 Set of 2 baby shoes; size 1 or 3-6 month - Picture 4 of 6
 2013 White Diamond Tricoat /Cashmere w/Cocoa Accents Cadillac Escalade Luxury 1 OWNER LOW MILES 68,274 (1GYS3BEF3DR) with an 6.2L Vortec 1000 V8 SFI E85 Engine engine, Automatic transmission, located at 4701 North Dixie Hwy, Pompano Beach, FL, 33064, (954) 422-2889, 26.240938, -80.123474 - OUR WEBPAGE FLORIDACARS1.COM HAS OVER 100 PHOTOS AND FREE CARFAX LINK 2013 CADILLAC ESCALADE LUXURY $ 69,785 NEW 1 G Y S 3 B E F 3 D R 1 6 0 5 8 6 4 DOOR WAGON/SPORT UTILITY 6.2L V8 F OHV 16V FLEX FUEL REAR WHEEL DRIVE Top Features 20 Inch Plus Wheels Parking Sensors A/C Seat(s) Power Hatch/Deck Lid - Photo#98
--------------------
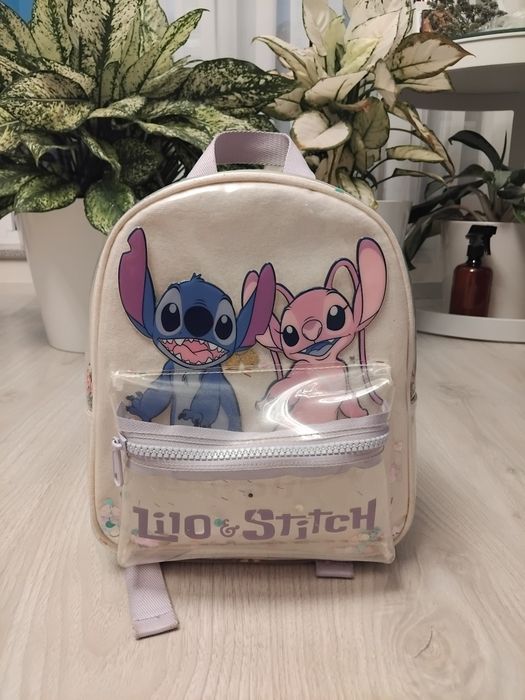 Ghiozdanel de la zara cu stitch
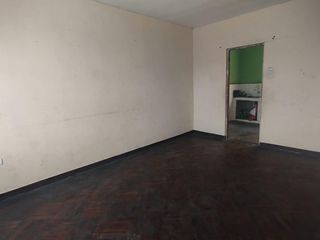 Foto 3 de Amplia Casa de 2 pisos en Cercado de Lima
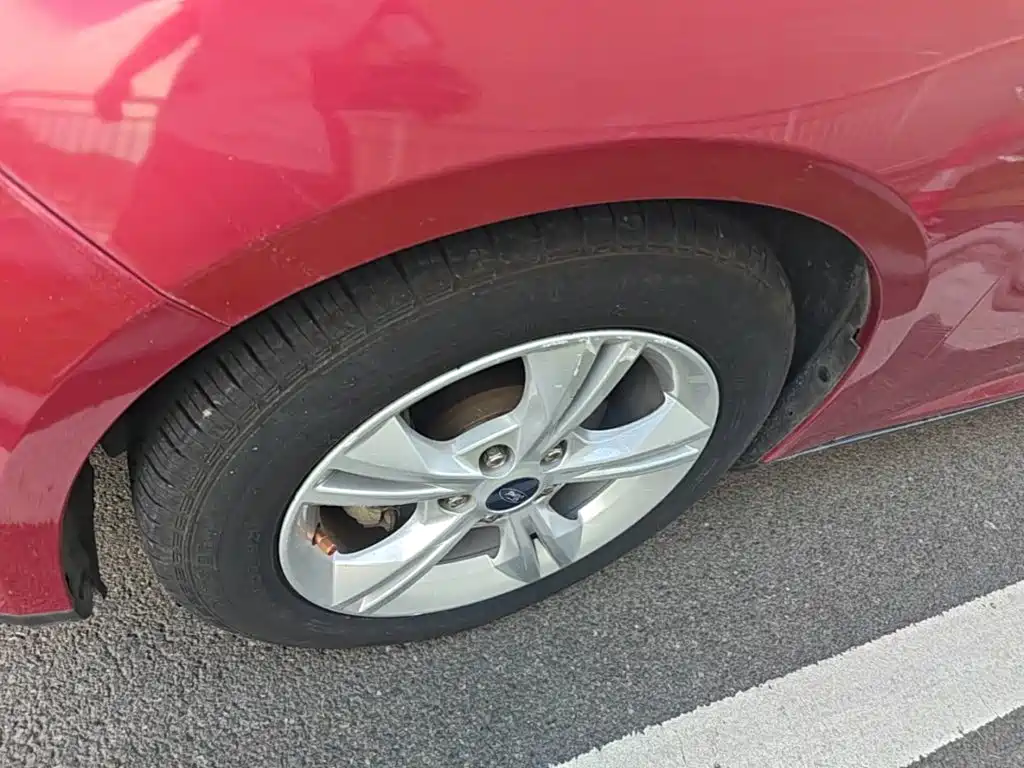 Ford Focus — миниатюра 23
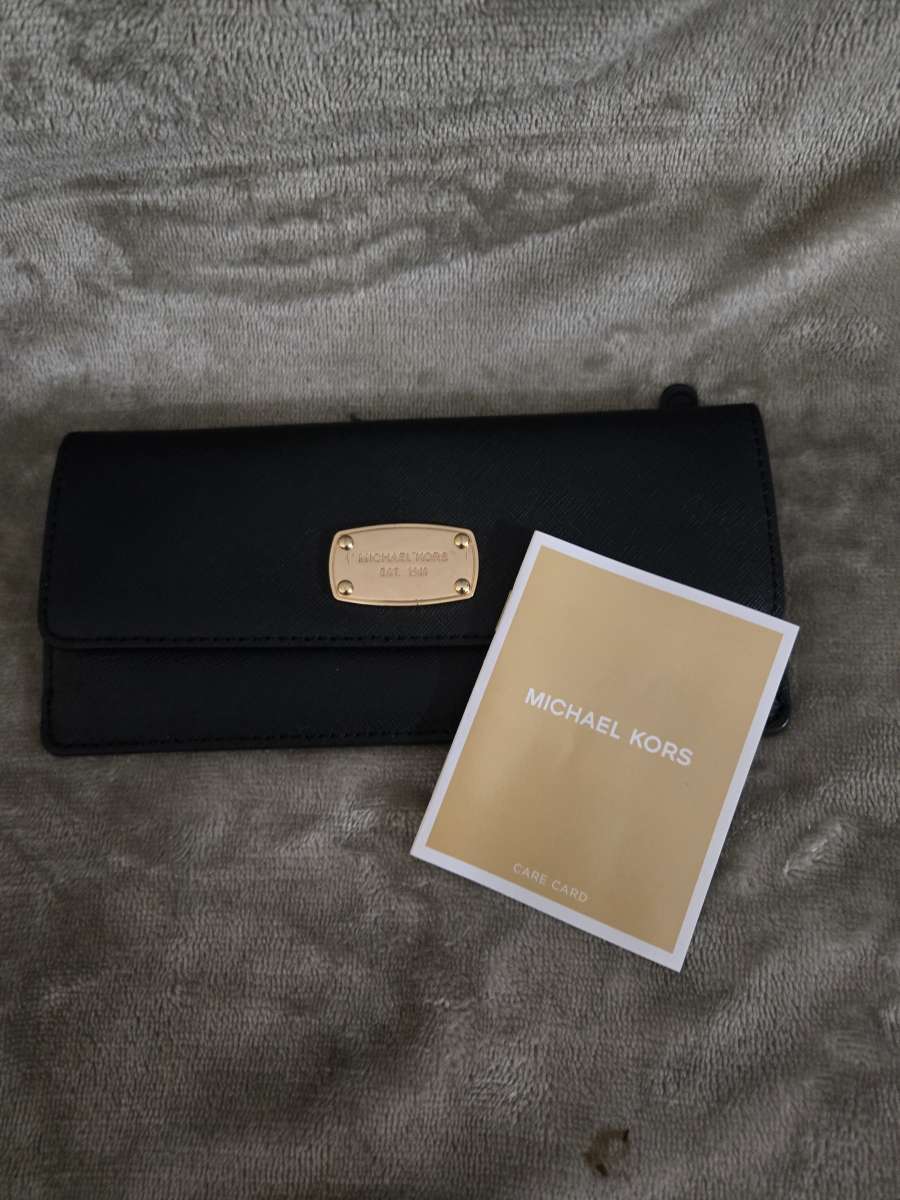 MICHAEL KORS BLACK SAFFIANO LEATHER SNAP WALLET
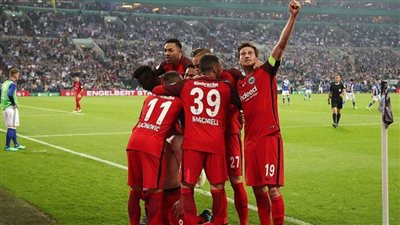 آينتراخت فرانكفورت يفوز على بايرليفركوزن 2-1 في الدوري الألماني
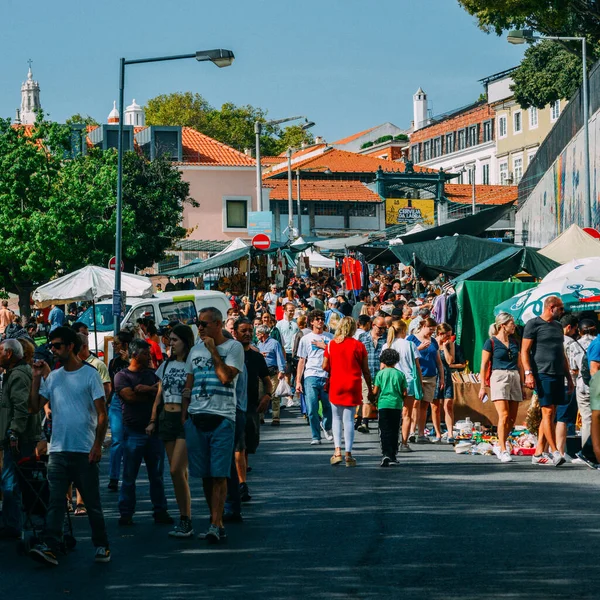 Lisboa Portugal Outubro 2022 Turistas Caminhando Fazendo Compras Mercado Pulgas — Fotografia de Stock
--------------------
Within the listing above, the lines starting at the one containing "آينتراخت فرانكفورت يفوز" and ending at the one containing "Lisboa Portugal Outubro" are to be returned exactly. Omit the pictures.

 آينتراخت فرانكفورت يفوز على بايرليفركوزن 2-1 في الدوري الألماني
 Lisboa Portugal Outubro 2022 Turistas Caminhando Fazendo Compras Mercado Pulgas — Fotografia de Stock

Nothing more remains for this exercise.